Part VIII? Apakah Masih Awal?



Bapak yang berbahagia datanglah engkau bersama rindu. Katakan padaku apa yang harus kuperbuat. Apa yang harus kulakukan. Dan bagimana menjelmakan semua kegelisahan ini dalam unsur yang bernada sedikit bahagia.

Mendengar dendang suaramu adalah bagian dari kebahagiaan. Hal yang tak dapat ditukar dengan nominal apalagi poin lotre. Setiap helaan yang ada membuatku merasa kau ada. Menemani meski tak berwujud. Dan yang jelas sikapmu memerhatikan sekitar membuatku nyaman.

Hari ini ketemu pak Lukito. Banyak pengalaman baru yang diceritakan. Dari sini aku tahu setelah 30 tahun berlalu orang akan terlihat dari kesungguhannya. Dari cara berpakaiannya, dari gaya bicara, dan cara dia memerlakukan orang lain. Dari sini aku belajar bagaimana caranya menghargai orang yang lebih kecil. Bagaimana memerlakukan orang secara lebih santun dan pantas. Pak Lukito semoga selalu sehat.

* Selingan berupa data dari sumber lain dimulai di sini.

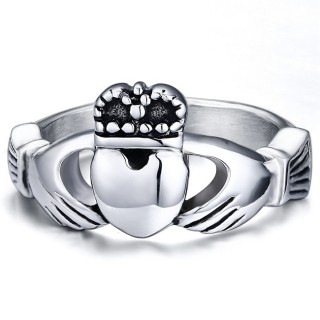 Alliance femme acier � Claddagh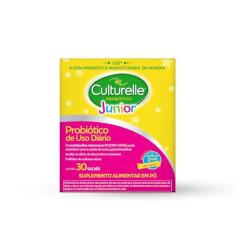 Culturelle Probiótico Júnior, Com Lactobacilos, Sem Glúten, Sem Lactose, Para Bebês, Crianças e Adolescentes a partir de 1 ano, Sem Sabor, 30 Sachês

Kamu selalau baik padaku jika begini. Berbeda jika sedang bersua. Kamu begitu manis sikapnya meski di lubuk hati terasa betapa hambarnya. Ini jauh berubah dari biasanya. Apa memang harus begitu agar keadaan menjadi baik-baik saja? Aku merasa kamu membuat kebaikan nyata saat dijauhi keadaan.

Telepon ini membuatku berpikir banyak hal. Mengapa orang tua itu bisa berdiskusi banyak hal ngalor-ngidul tapi tidak bisa melaksanakan? Bisa berbicara penuh intonasi tertapi tak pernah mempraktikkannya dengan sepenuh hati. Kesadaran diri tidak dibarengi dengan kontrol dan bentuk komunikasi yang bisa saling mengerti. Apa yang salah  dalam tatanan ini? Apa yang tidak benar? 

Ini adalah penutup yang penuh nikmat. Bersamamu dalam kesukacitaan tetapi menyiratkan ihwal pertemanan. Engkau yang mau menyatu dan tak pernah bilang sendiri. Aku suka engkau yang membaur dengan banyak hal yang kulakukan. Menyapa subjek-subjek yang berkenaan denganku. Aku suka apa yang dikatakan dalam satu rentetan pengalaman maraton yang menerbitkan rasa rindu.